▸ **Brief descriptive captions**:
++++++++

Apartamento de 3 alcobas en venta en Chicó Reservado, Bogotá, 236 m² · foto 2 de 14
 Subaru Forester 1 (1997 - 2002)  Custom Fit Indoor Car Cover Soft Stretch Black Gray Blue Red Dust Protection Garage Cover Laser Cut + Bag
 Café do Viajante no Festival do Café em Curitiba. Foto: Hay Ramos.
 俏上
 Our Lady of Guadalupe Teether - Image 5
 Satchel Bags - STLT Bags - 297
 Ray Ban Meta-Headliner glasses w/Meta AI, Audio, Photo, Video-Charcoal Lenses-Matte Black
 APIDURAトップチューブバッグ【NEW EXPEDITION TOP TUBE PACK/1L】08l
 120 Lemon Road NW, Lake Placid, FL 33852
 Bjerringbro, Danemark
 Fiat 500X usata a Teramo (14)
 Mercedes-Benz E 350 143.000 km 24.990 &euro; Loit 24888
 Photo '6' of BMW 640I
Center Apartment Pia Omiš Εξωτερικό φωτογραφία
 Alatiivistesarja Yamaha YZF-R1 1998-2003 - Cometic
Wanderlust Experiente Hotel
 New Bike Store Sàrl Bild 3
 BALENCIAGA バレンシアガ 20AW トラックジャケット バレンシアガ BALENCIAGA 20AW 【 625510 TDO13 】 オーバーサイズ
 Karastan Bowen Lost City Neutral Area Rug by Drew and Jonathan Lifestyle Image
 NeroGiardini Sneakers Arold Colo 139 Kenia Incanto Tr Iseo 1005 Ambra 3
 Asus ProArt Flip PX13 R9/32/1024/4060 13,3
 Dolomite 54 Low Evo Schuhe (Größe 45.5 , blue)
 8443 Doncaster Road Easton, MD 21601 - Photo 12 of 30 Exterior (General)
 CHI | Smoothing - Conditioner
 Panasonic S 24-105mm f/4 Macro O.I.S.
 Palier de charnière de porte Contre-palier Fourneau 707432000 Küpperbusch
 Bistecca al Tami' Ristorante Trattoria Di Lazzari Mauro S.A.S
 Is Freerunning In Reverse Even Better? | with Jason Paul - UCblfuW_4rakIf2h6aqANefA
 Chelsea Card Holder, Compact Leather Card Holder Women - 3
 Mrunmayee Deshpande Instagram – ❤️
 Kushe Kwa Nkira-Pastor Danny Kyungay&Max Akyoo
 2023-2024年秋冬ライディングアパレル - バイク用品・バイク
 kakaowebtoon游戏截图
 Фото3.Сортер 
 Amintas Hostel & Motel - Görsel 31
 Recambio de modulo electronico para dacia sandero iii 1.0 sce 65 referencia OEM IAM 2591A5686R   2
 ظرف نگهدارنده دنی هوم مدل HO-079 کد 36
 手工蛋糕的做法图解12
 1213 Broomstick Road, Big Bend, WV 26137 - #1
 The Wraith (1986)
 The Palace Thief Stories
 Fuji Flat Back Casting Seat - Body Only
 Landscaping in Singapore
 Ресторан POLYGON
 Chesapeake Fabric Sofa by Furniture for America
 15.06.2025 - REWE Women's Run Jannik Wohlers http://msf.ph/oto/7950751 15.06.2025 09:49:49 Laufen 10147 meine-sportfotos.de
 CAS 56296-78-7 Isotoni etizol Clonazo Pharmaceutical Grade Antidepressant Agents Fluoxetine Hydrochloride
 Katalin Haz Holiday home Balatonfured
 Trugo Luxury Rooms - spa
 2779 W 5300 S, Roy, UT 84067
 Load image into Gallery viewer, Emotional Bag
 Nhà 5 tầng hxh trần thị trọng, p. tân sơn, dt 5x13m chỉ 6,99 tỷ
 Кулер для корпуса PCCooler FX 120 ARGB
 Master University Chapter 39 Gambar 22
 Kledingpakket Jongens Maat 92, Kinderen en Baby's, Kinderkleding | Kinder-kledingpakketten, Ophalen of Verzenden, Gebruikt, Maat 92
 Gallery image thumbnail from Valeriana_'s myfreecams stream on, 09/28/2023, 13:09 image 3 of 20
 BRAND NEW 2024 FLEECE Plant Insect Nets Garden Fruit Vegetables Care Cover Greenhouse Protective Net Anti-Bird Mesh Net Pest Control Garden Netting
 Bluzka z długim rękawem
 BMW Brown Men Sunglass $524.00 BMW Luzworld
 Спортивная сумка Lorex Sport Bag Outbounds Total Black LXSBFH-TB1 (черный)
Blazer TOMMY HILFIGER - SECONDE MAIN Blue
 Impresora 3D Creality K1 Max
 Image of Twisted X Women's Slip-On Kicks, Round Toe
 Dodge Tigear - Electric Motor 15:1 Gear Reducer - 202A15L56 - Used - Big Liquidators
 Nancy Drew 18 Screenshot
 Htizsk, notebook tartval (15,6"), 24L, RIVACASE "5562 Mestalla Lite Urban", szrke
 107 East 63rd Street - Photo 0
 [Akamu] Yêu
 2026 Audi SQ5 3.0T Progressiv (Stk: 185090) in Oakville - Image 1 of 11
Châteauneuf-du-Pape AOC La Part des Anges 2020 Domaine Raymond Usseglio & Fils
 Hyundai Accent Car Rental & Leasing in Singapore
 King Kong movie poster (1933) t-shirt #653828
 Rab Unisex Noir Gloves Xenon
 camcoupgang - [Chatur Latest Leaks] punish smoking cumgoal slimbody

++++++++

▸ **To do**: Go line by line through the entries above and tally those that hold the word "Singapore"; give the tally alone.

▸ **Your solution**: 2